*** Begin section ***

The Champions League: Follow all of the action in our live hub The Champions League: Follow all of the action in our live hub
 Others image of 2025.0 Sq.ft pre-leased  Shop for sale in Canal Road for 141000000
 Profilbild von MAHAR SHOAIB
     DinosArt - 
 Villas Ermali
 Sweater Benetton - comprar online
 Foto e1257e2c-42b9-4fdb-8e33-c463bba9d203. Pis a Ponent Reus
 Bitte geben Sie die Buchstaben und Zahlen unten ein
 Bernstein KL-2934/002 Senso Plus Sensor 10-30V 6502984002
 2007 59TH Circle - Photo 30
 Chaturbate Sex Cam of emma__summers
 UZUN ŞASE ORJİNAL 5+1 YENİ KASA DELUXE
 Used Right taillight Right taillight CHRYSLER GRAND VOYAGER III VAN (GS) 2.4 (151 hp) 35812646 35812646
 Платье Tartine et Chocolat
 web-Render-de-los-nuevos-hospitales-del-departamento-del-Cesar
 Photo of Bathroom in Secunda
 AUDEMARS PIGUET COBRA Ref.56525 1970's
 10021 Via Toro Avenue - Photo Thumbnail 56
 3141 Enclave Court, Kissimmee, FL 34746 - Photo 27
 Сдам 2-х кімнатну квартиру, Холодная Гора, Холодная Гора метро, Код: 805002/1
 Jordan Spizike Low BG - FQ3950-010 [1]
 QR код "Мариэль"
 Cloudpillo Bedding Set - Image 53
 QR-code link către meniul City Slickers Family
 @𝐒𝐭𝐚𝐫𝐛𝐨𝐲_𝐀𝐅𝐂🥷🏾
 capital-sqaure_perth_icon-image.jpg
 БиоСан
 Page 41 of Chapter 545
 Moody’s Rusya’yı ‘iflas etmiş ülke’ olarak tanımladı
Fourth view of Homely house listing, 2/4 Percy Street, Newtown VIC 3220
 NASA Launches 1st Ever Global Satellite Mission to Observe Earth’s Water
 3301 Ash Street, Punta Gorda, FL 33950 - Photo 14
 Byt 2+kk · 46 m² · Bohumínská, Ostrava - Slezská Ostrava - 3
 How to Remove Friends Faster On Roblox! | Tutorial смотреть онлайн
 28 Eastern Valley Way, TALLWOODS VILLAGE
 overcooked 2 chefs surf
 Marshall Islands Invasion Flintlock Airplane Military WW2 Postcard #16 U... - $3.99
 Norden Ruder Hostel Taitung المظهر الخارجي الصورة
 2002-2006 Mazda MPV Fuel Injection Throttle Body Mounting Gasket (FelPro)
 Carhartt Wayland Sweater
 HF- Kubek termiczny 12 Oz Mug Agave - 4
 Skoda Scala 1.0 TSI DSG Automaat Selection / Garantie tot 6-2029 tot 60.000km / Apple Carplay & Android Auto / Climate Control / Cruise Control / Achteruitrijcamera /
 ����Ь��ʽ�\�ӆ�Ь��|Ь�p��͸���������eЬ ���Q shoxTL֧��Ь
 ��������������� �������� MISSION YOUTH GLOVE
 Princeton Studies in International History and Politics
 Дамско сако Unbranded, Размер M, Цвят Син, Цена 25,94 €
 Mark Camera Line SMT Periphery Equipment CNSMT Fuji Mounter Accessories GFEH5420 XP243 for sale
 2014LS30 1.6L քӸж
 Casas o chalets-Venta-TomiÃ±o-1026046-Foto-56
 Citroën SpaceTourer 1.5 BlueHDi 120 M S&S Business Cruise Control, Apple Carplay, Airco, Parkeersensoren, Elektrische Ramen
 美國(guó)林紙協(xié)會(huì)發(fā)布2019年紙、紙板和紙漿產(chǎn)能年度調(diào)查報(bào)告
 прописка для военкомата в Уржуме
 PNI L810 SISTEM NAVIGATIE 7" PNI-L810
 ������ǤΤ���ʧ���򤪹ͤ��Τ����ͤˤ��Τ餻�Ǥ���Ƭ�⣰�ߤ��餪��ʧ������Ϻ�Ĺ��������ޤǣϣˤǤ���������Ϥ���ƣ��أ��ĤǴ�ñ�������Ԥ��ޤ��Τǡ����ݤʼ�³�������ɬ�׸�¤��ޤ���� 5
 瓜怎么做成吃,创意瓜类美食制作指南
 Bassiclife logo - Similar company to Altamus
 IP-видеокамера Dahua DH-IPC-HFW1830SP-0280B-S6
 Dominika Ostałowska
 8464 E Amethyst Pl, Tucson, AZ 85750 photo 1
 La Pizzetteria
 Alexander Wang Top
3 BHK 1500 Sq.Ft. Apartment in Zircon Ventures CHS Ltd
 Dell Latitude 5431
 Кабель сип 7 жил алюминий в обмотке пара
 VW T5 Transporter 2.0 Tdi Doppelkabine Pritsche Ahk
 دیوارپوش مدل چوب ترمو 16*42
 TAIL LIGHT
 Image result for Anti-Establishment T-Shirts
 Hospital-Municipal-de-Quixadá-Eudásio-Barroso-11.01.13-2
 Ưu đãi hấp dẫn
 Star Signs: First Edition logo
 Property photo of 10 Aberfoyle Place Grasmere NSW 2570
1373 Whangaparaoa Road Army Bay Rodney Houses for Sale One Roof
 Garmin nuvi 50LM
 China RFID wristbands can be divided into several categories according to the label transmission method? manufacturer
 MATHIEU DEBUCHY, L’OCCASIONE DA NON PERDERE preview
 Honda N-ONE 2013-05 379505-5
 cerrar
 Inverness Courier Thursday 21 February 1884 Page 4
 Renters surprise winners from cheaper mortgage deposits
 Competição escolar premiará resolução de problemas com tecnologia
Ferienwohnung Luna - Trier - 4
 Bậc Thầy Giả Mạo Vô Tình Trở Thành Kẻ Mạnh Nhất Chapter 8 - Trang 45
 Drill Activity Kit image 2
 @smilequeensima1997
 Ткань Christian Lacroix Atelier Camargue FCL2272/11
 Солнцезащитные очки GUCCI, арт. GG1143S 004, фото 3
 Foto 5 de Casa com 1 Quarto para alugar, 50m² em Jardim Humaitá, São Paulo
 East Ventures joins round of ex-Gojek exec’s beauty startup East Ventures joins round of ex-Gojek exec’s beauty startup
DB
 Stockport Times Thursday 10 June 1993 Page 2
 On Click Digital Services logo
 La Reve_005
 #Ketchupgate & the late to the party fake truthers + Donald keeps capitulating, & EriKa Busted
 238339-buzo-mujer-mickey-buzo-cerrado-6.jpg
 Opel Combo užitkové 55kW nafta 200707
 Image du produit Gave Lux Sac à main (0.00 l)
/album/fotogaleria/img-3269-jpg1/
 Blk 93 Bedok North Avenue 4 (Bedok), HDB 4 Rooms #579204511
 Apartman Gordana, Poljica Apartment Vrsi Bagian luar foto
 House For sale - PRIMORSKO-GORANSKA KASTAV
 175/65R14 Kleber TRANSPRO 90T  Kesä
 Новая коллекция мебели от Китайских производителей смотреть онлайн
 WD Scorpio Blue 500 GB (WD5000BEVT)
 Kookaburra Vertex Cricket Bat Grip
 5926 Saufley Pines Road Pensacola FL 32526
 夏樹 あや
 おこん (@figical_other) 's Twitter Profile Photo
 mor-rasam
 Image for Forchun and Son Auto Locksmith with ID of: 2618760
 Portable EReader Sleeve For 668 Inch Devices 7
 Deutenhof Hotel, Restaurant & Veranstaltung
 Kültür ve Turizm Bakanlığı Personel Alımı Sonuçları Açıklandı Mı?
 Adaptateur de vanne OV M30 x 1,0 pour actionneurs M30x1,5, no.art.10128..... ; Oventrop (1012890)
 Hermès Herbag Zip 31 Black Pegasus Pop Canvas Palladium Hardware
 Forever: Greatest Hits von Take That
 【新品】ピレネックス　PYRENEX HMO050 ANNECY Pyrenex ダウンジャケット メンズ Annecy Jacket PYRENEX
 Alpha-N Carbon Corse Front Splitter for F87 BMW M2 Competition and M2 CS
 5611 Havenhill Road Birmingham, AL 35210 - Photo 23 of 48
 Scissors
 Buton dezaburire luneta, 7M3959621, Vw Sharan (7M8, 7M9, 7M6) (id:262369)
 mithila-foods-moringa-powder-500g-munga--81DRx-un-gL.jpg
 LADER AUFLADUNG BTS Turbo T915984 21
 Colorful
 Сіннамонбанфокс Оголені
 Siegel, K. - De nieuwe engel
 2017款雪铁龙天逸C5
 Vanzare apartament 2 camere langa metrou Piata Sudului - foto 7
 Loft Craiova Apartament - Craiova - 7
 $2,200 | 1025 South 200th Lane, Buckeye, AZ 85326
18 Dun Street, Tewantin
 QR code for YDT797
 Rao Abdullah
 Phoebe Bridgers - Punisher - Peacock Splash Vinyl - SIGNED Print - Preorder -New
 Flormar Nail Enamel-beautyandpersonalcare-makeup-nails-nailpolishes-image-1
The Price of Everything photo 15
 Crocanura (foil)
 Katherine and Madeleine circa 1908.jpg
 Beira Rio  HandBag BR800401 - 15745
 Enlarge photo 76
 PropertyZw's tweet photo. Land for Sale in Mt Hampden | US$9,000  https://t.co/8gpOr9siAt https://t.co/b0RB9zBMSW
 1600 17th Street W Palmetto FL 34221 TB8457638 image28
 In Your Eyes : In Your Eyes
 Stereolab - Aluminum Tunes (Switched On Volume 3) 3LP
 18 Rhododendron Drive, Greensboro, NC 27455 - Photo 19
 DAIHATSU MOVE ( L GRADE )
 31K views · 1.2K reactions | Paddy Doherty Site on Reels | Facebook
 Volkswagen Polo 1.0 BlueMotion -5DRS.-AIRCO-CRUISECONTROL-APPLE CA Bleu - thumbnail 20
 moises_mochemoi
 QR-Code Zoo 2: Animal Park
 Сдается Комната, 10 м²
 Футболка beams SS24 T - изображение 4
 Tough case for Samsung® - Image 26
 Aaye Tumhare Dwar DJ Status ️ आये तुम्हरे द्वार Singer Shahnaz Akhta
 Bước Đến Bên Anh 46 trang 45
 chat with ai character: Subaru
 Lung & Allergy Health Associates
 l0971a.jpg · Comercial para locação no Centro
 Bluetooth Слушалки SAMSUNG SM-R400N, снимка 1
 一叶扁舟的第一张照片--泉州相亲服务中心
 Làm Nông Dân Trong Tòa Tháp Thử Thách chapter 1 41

*** End section ***

-- Exercise requirements --
Within the listing above, count the lines that contain the string "Avenue". Give only the number.

-- Response area --
2